> Try it
Beginning with the line that contains "INH Semi Permanent" in the material below, print each line exactly until the line that contains "Hands opening a" has been printed, then stop.

> Input material
• • •

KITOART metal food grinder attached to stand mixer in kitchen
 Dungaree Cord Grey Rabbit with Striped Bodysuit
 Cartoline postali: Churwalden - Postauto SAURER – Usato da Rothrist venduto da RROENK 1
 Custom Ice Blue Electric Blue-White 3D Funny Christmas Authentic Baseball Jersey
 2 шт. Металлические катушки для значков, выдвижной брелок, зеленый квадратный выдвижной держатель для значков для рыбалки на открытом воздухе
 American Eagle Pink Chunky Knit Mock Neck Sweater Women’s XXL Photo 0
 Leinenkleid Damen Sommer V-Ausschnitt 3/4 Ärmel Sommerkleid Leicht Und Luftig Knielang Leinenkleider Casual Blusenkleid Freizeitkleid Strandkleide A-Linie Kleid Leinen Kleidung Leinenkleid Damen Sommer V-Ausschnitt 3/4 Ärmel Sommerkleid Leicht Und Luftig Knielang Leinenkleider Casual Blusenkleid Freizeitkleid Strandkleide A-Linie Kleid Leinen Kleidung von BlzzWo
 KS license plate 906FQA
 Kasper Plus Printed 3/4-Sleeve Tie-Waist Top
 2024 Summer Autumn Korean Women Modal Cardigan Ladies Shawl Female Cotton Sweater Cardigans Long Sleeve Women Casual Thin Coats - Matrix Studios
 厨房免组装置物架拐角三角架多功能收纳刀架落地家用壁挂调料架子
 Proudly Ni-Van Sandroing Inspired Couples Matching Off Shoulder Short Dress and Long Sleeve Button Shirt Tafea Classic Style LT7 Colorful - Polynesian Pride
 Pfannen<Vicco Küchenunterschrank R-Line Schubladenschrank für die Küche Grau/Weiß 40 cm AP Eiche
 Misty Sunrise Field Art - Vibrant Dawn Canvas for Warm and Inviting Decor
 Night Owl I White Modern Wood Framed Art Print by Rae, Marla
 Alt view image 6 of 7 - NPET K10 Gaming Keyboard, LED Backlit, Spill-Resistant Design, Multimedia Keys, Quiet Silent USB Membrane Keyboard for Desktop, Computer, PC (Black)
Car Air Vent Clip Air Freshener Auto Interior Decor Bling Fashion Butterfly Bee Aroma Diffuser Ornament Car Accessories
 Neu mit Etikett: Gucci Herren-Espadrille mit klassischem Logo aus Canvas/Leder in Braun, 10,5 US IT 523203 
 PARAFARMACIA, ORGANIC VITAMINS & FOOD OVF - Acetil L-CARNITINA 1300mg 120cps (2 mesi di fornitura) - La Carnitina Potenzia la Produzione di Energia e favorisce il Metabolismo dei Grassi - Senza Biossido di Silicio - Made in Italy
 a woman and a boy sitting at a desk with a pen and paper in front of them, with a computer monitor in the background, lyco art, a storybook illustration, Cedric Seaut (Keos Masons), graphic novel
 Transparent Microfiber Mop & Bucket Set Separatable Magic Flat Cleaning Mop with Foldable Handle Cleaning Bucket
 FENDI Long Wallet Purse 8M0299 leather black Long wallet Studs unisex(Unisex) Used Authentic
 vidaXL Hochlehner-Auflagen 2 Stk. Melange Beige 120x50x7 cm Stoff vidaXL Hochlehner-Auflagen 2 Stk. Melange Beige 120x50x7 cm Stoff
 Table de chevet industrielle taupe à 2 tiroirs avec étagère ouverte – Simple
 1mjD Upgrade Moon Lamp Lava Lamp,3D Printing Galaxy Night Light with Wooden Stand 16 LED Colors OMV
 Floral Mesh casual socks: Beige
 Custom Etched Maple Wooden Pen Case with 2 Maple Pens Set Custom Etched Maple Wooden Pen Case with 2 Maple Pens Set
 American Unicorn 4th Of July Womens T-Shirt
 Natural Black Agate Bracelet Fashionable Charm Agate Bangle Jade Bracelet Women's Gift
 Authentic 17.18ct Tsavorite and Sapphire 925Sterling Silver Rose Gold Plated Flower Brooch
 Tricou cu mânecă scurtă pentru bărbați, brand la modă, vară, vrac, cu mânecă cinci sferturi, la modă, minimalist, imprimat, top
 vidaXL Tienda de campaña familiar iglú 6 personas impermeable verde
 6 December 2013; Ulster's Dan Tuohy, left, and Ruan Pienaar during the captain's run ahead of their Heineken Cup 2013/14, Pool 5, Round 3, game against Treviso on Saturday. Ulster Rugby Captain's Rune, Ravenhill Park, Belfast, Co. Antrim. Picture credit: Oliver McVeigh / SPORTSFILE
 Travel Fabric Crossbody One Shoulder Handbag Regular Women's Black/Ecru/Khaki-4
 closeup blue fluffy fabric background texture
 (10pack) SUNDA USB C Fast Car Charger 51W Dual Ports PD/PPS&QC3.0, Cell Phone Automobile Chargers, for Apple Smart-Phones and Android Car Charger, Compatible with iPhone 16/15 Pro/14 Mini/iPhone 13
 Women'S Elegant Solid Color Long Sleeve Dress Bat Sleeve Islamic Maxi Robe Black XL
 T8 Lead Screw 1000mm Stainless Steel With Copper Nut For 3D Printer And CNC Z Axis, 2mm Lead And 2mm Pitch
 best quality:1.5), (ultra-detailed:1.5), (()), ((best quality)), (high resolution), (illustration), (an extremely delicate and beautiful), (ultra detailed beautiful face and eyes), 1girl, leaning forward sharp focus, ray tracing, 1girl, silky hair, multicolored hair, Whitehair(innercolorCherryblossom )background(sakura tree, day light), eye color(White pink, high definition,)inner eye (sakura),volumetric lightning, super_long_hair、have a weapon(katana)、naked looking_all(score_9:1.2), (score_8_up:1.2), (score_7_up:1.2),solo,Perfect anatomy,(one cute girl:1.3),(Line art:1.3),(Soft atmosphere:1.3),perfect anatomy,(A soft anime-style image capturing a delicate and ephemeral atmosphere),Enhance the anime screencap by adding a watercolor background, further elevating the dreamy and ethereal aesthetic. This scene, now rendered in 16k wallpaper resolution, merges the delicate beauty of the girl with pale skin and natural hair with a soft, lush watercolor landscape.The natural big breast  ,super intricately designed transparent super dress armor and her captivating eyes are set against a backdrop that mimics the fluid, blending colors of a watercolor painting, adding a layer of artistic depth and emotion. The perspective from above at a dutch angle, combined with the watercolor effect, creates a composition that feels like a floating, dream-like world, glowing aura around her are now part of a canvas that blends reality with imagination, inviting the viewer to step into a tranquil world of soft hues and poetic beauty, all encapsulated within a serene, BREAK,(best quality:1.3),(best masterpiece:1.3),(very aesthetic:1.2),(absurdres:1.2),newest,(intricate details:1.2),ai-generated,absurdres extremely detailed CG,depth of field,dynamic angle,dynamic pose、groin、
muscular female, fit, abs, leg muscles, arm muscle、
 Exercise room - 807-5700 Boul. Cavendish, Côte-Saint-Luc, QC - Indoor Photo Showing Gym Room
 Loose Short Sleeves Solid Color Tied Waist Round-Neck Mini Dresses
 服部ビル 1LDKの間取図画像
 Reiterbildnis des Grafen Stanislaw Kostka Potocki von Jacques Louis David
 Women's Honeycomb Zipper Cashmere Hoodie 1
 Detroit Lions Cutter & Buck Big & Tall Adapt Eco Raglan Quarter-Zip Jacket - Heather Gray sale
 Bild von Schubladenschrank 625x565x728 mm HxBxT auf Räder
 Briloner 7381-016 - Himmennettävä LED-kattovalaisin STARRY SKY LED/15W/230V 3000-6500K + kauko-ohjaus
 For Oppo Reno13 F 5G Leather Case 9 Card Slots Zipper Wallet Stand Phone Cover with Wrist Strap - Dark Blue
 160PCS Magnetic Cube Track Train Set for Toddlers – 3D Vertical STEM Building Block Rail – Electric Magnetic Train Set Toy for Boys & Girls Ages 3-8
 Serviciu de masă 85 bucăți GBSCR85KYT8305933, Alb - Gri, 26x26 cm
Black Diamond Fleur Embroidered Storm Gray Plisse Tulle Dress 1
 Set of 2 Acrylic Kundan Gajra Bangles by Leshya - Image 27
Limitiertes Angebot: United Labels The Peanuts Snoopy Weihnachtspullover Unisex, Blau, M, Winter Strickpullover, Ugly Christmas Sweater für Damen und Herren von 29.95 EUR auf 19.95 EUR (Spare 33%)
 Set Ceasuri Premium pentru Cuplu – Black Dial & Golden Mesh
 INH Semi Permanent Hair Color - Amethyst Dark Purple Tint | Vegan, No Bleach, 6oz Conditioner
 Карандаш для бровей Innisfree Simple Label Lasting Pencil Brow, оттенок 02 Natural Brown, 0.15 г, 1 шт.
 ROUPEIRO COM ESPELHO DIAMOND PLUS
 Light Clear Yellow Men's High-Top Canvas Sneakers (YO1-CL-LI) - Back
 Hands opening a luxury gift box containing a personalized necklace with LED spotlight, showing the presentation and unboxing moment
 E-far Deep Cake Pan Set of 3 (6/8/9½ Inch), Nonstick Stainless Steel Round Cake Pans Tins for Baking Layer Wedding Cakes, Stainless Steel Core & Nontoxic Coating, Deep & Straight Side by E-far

• • •

> Solution to the problem
 INH Semi Permanent Hair Color - Amethyst Dark Purple Tint | Vegan, No Bleach, 6oz Conditioner
 Карандаш для бровей Innisfree Simple Label Lasting Pencil Brow, оттенок 02 Natural Brown, 0.15 г, 1 шт.
 ROUPEIRO COM ESPELHO DIAMOND PLUS
 Light Clear Yellow Men's High-Top Canvas Sneakers (YO1-CL-LI) - Back
 Hands opening a luxury gift box containing a personalized necklace with LED spotlight, showing the presentation and unboxing moment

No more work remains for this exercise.